The NHL is expected to announce its expansion plans Dec. 10.
A statement Wednesday from the NHL's New York City headquarters didn't specify how many franchises would be awarded.
The league has said only that it plans to expand by seven teams by the end of the century, and that "one or more" of those would be awarded in time for the 1992-93 season.
Although the media has widely reported that two teams will be awarded this December, NHL spokesman Gerry Helper said Wednesday that it was speculation.
He said the league is keeping its options open on the number of teams to be awarded in this round. It could be more than two or less than two, he said.
"If they have three real solid, terrific applications, I wouldn't be surprised at all if they awarded three franchises," said Mark Perrone, vice president of the Tampa Bay Hockey Group (TBHG), which submitted its franchise application Wednesday.
The TBHG has recruited the Spectacor arena management company to build a hockey facility next to Tampa Stadium if the group is awarded a team. The group is competing directly against Compuware Corp., a Detroit-area computer software company that runs junior-level hockey programs. A Compuware franchise would play its games in St. Petersburg's Florida Suncoast Dome, and later, possibly, in a new arena near the Dome.
Compuware's Jim Rutherford said Wednesday that the company chose Tampa Bay because it has only one major sports franchise _ The Tampa Bay Bucs _ and a growing population of transplanted Northerners who miss their hockey.
"I think the National Hockey League really needs to expand on the outer fringes of the United States," Perrone said. "We would certainly hope that we're selected. Tampa Bay makes a whole lot of sense because I think they (NHL officials) want to go west and south."
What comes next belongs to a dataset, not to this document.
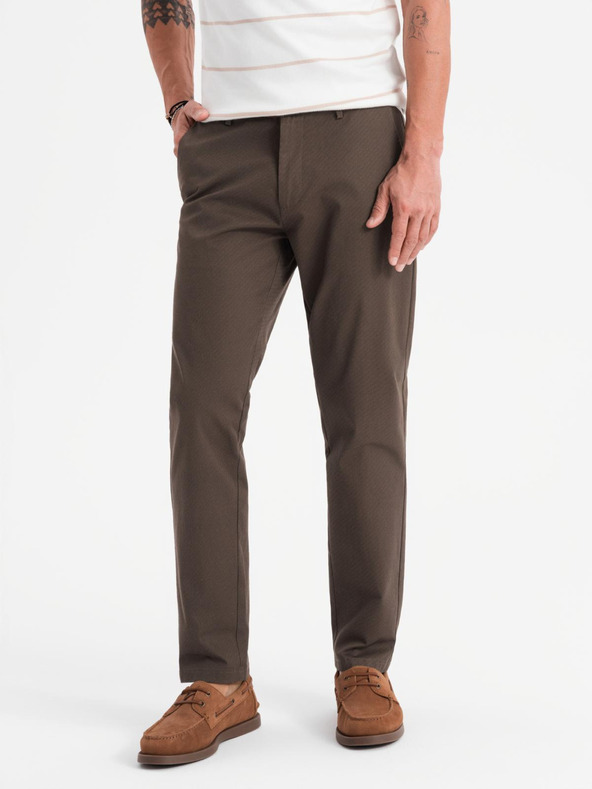 Ombre Clothing Pantaloni chino pentru bărbați REGULAR FIT cu structură fină - maro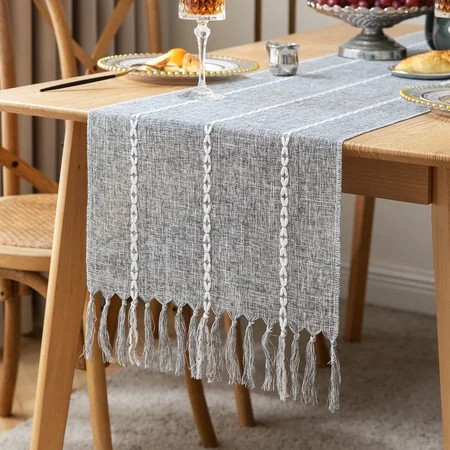 Farmhouse Table Runner Rustic Table Runners 108 Inches Long Linen Boho Table Runner Braided Striped  | Walmart (US)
Here are brief summaries of Tampa Bay's competitors:
Hamilton shares Canada's largest television market with Toronto, 40 miles away. The applicants are a group of investors that includes the city of Hamilton. The team would play in the 17,500-seat Copps Coliseum.
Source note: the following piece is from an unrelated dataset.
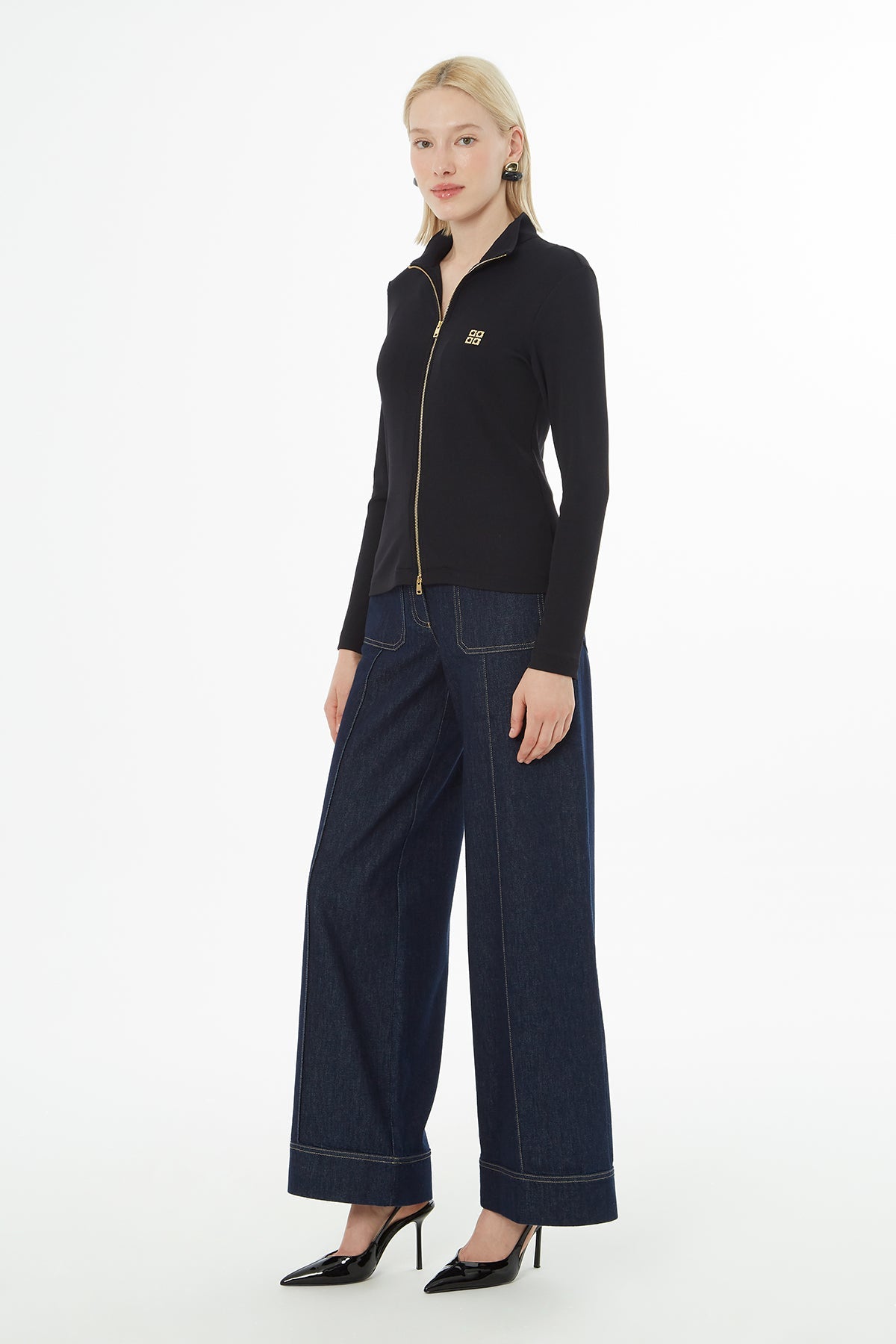 Black Blouse with Sewn Accessory Details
Houston was home to the Houston Aeros of the defunct World Hockey Association. The applicants are Charlie Thomas and Ray Patterson, owner and president, respectively, of the NBA's Houston Rockets. A team would play in the Summit, a 15,600-seat arena.
In Miami, the 16th-largest television market, the hockey effort is led by Godfrey Wood, a 49-year-old real estate investor who lives in Boston and co-founded the NHL's Hartford Whalers. He also attempted to buy the Boston Bruins and Boston Garden. Games would be played in Miami Arena, which seats 15,000 for hockey.
Ottawa is Canada's fourth-largest television market. Its effort is led by a group called Terrace Investments. The city has a 10,000-seat arena, but principal investor Bruce Firestone plans a 22,500-seat building with an attached hotel and office complex.
The investment group in Phoenix remained anonymous Wednesday. Through their lawyer, however, they said they would play in a new arena under construction for the NBA's Phoenix Suns or in a newer hockey-only building. Phoenix is the nation's 20th-largest television market.
In San Diego, the owners of the Gulls of the International Hockey League are leading the effort. If awarded a franchise, Vin Ciruzzi and Harry Cooper would build a new arena 10 miles north of the city, which is ranked 24th among the nation's television markets.
Seattle is represented by Barry Ackerley, owner of the NBA's Seattle SuperSonics. The team would play in an 18,000-seat arena that is being planned. Seattle is the nation's 15th-largest television market.
_ Information from Times wire services was used in this report.